The Journal Of Bone And Joint Surgery - Volume 97 - Issue 15 - p. 1255-1263

Factors Affecting Length of Stay, Readmission, and Revision After Shoulder Arthroplasty

Matsen Frederick A., MD; Li Ning, MS; Gao Huizhong, MS; Yuan Shaoqing, MS; Russ Stacy M., BA; Sampson Paul D., PhD
Shoulder
Background: Increased length of hospital stay, hospital readmission, and revision surgery are adverse outcomes that increase the cost of elective orthopaedic procedures, such as shoulder arthroplasty. Awareness of the factors related to these adverse outcomes will help surgeons and medical centers design strategies for minimizing their occurrence and for managing their associated costs.
Methods: We analyzed data from the New York Statewide Planning and Research Cooperative System on 17,311 primary shoulder arthroplasties performed from 1998 to 2011 to identify factors associated with extended lengths of hospitalization after surgery, readmission within ninety days, and surgical revision.
Results: The factors associated with each of these three adverse outcomes were different.
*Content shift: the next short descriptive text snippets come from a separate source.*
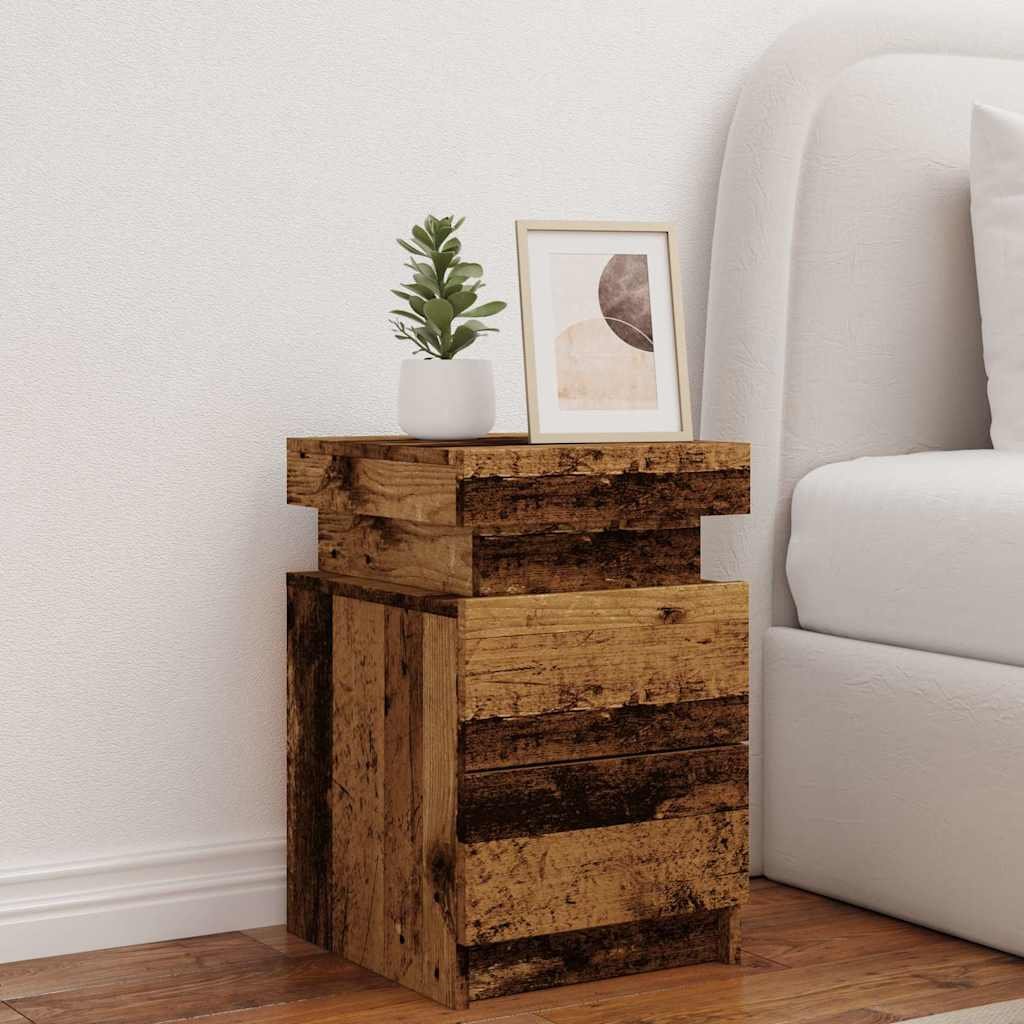 Walplus LED Engineered Wood Bedside Cabinet - Dark Wood - 35 x 39 x 55 cm - Image 3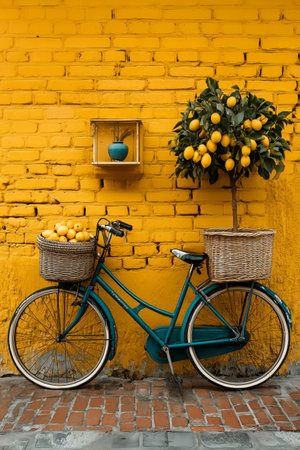 A vintage bicycle rests beside a bright yellow wall, featuring two wicker baskets filled with lemons. A small tree with lemons adds charm to the scene, creating a lively atmosphere.の素材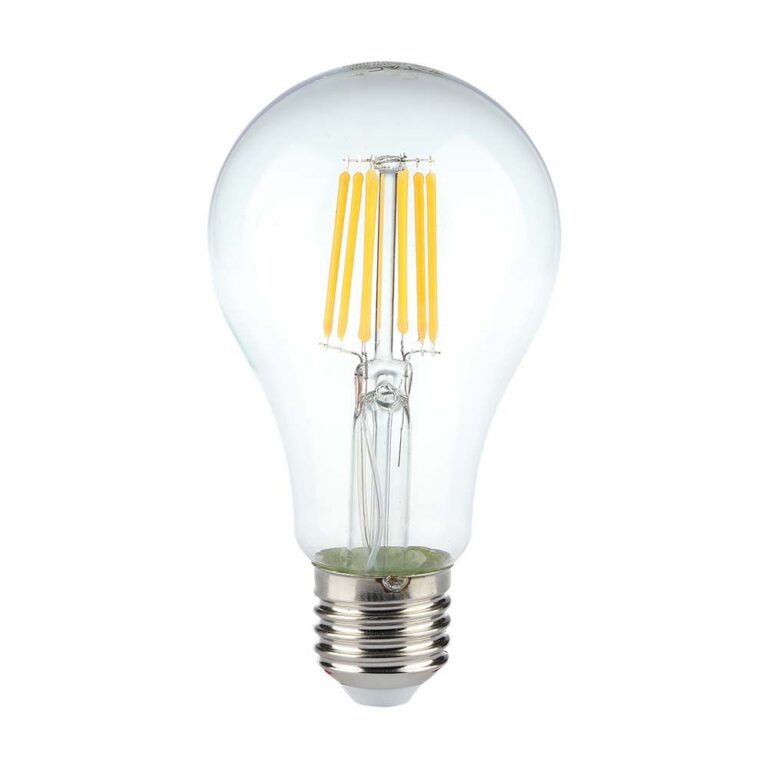 E27 10W LED filament pære - A60, klart glas, 1055lm, 4000K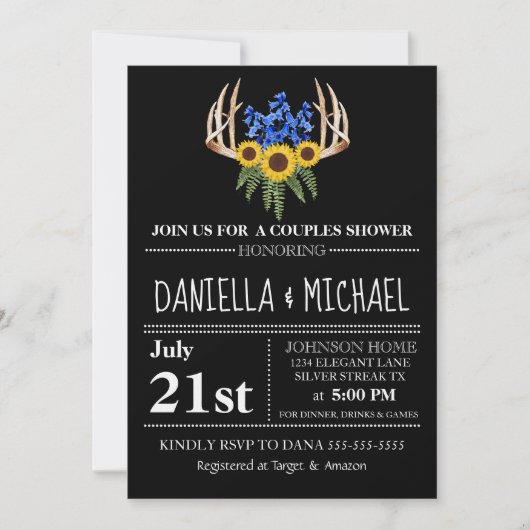 Invitation Rustique Floral Antlers Couples Mariage de douche (Devant)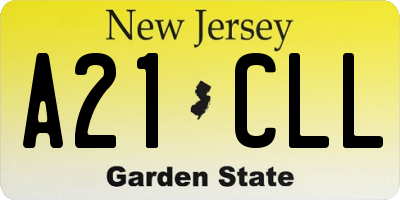 NJ license plate A21CLL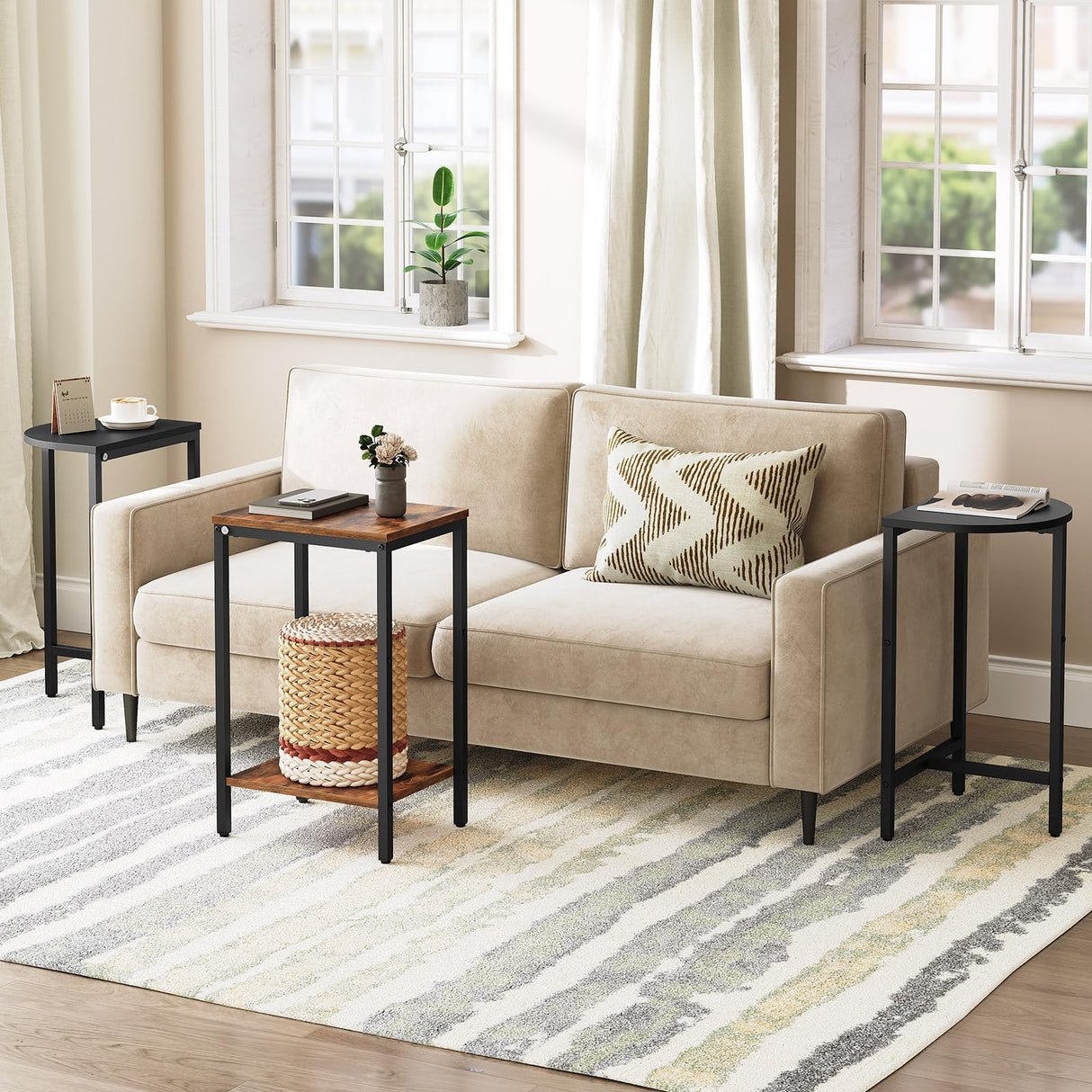 YATINEY Nesting Coffee Tables, End Tables Set of 3, Industrial Small Stacking Side Table, Wooden Nesting Tables, Multiple Combination Options, for Living Room, Office, Rustic Brown and Black ET33BR YATINEY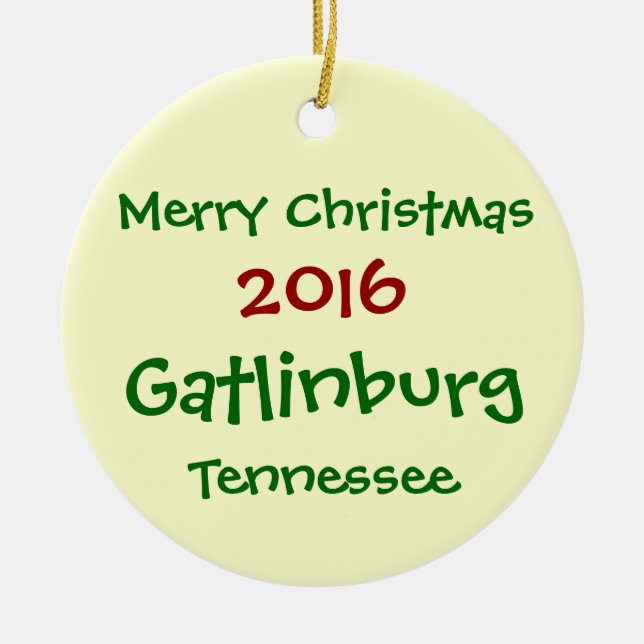 2016 Gatlinburg Tennessee MERRY CHRISTMAS ORNAMENT (Front)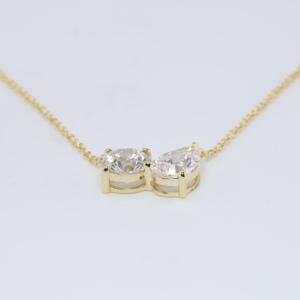 Collar con Colgante de Dos Piedras de Diamante Cultivado en Laboratorio con Corte de Pera, Oro Amarillo, Colgante Toi Et Moi, Joyería Fina Personalizada para Mujer, TULSIYA - Product Image 2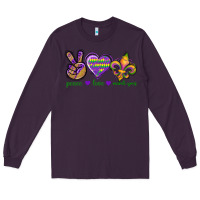 Plum Peace Love Mardi Gras Long Sleeve Tee - BundleAndBundleShop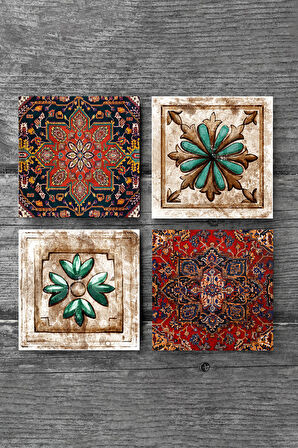 Desen, Fas Desenli Vintage Taş Bardak Altlığı Masaüstü Koruyucu Altlık 4 Parça Set 10x10cm Stone Coasters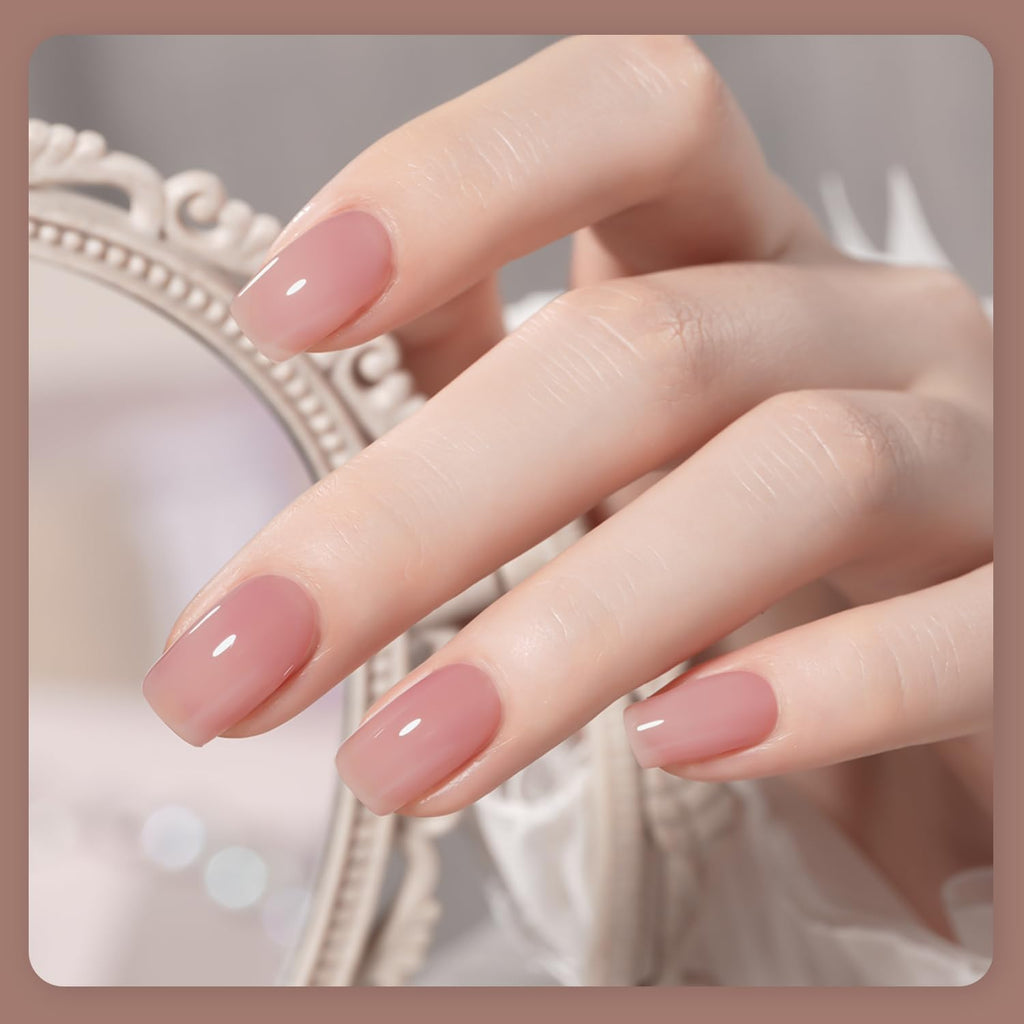 GAOY Rose Brown Jelly Gel Nail Polish Kit – 6 Milky Jelly Colors for At-Home Manicure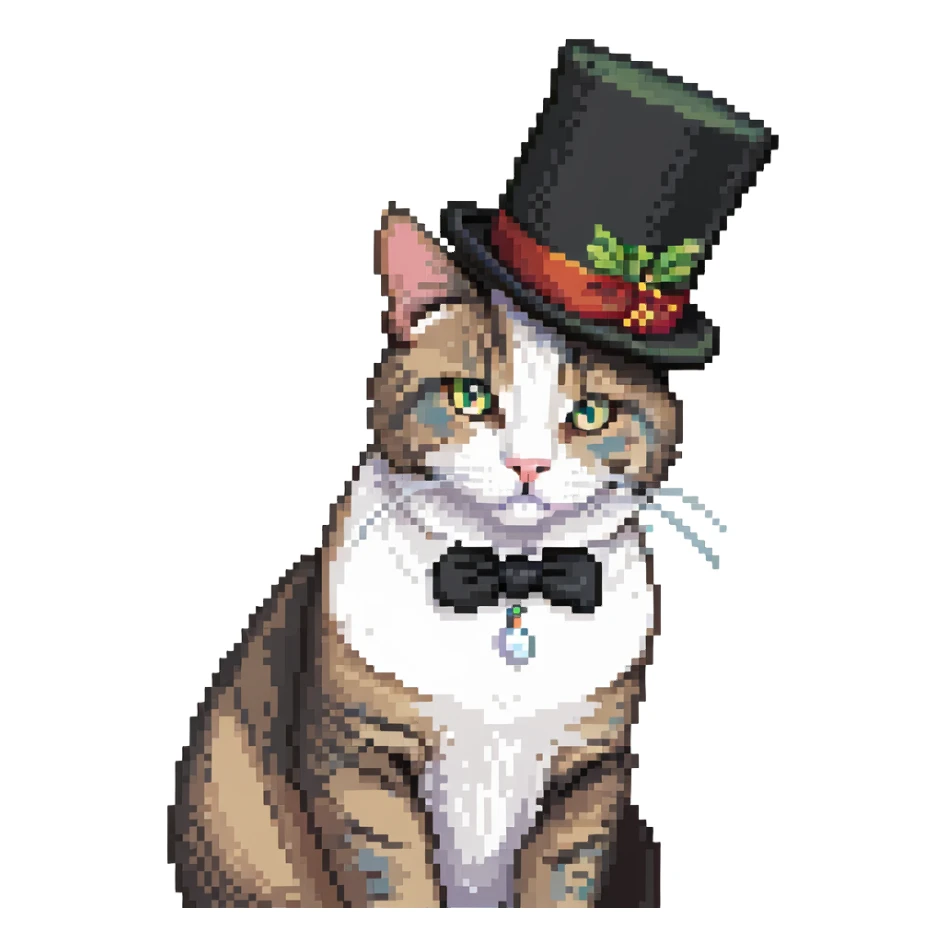 cat wearing a black top hat sticker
Longer lengths of hospital stay were associated with female sex, advanced patient age, Medicaid insurance, comorbidities, fracture as the diagnosis for arthroplasty, higher hospital case volumes, and lower surgeon case volumes. Readmission was associated with advanced patient age and medical comorbidities. The most common diagnoses for readmission within ninety days were fluid and electrolyte imbalance (28%), acute pulmonary problems (21%), cardiac arrhythmia (20%), heart failure (15%), acute myocardial infarction (10%), and urinary tract infection (10%). Revision was associated with younger patient age and osteoarthritis or traumatic arthritis. The most common diagnoses at the time of revision surgery were unspecified mechanical complications of the implant (60%), shoulder pain (18%), dislocation of the prosthetic joint (12%), component loosening (10%), a broken prosthesis (8%), a cuff tear (7%), and infection (7%).
Conclusions: A small number of easily identified characteristics (sex, age, race, insurance type, comorbidities, diagnosis, and provider case volumes) were significantly associated with longer lengths of stay, readmission, and revision surgery. Consideration of these factors and their effects may guide efforts to improve patient safety and to manage the costs associated with these adverse outcomes.
Level of Evidence: Prognostic Level III. See Instructions for Authors for a complete description of levels of evidence.